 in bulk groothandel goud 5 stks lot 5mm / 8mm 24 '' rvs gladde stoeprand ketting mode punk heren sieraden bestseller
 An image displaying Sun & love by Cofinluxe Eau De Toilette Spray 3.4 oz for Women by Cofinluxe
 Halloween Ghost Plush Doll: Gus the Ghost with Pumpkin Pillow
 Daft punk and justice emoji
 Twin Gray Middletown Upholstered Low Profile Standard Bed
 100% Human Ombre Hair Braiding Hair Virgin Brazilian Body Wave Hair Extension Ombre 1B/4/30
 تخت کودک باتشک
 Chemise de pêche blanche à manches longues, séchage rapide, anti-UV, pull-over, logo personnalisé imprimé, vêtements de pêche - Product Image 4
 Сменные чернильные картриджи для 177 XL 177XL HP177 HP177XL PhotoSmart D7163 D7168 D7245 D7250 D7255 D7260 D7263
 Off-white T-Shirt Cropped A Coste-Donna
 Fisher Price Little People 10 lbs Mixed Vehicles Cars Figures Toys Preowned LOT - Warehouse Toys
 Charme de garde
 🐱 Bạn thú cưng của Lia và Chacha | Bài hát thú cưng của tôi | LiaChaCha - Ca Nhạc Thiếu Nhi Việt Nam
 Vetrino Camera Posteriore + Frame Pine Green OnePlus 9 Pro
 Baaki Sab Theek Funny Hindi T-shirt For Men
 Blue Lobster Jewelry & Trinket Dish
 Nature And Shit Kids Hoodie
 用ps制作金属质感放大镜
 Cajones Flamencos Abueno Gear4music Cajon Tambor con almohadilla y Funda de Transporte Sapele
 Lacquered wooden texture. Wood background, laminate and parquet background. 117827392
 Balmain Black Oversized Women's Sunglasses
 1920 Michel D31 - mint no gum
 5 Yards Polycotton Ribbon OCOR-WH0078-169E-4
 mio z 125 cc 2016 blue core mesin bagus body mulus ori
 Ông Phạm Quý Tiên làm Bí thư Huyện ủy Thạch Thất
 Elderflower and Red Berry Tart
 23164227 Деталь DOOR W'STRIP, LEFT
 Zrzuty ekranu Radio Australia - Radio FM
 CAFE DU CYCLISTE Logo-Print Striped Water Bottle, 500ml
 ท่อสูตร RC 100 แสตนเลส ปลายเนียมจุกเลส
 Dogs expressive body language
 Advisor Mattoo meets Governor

------------------------------

Through the final line of the listing, beginning at the line that contains "ท่อสูตร RC 100 แสตนเลส ปลายเนียมจุกเลส", every line is to be set down exactly, with no others.

**Result**:
 ท่อสูตร RC 100 แสตนเลส ปลายเนียมจุกเลส
 Dogs expressive body language
 Advisor Mattoo meets Governor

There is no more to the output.